One menu, one truth — website and all
This isn’t only the food. The same one-language-in, six-out approach runs across your multilingual restaurant menu, your website and your products together — the headline on your page, the note about pickup times, the description of a dish. It all comes from the same source, which helps prevent your language versions from drifting apart the way separately-maintained ones eventually do.
Rename a dish, rewrite a paragraph, nudge a price — you do it once, in your language, and the fix flows into every language.

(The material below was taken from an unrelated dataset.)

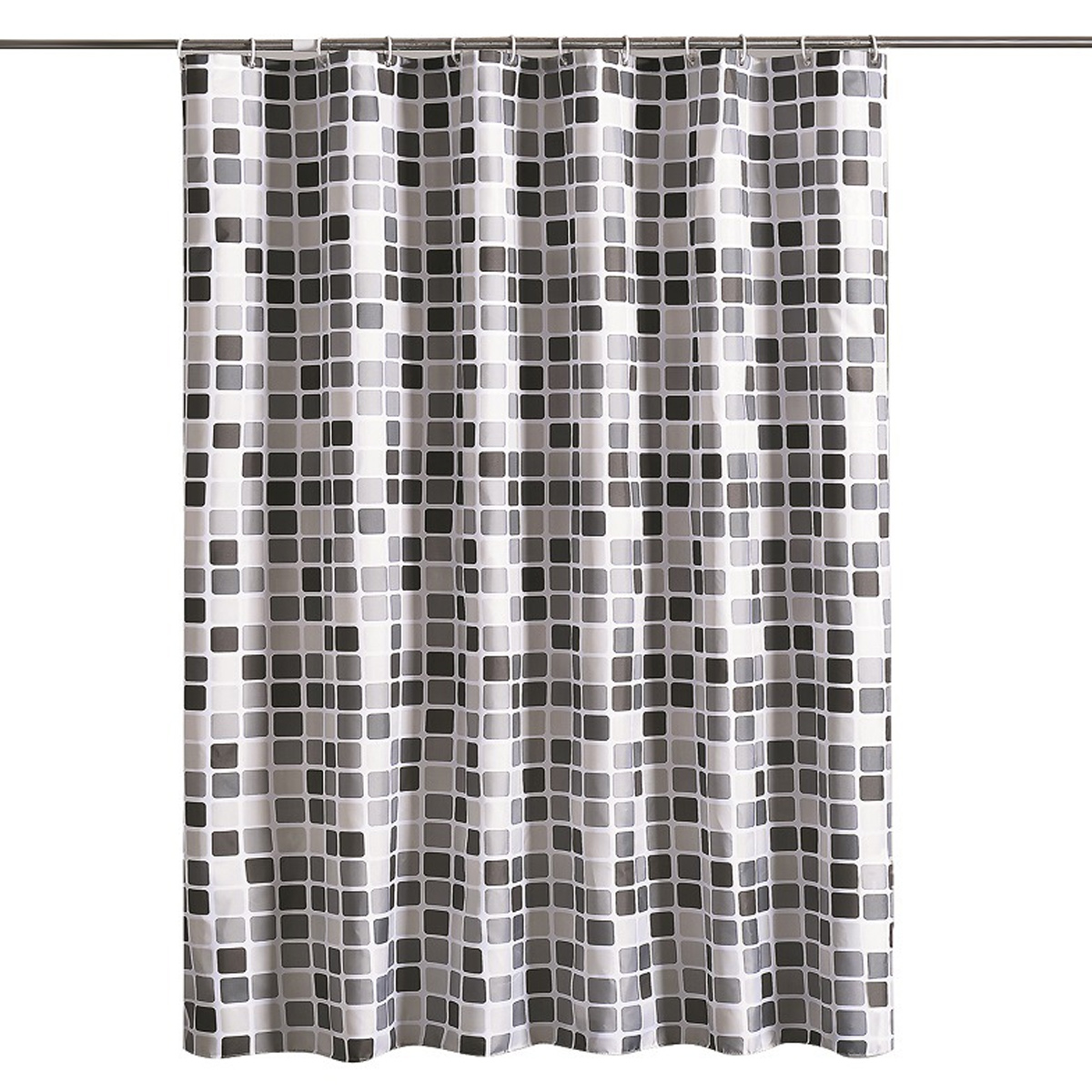 Duschvorhang Aus Polyester, 180 X 200 Cm, Grau – Inklusive Ringe (msv) - Duschvorhang Aus Polyester, 180 X 200 Cm, Grau – Inklusive Ringe (msv)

That greatly reduces the chance a guest ever reads last week’s price in a language you forgot to update, because updating it was never a separate job.
Frequently asked questions
So I really don’t translate anything myself?+
How is this different from the free translator I already use?+
Will my dish and brand names get mangled?+
What happens when I change a price?+
Which six languages are supported?+
Reach, without the second shift
Speaking your guests’ language used to cost you either a translator’s invoice or your credibility to a clumsy widget. Menuella quietly removes the choice: you keep working in the one language you know best, and every guest, whichever supported language they choose, gets a menu that reads naturally. Nothing is left on your plate.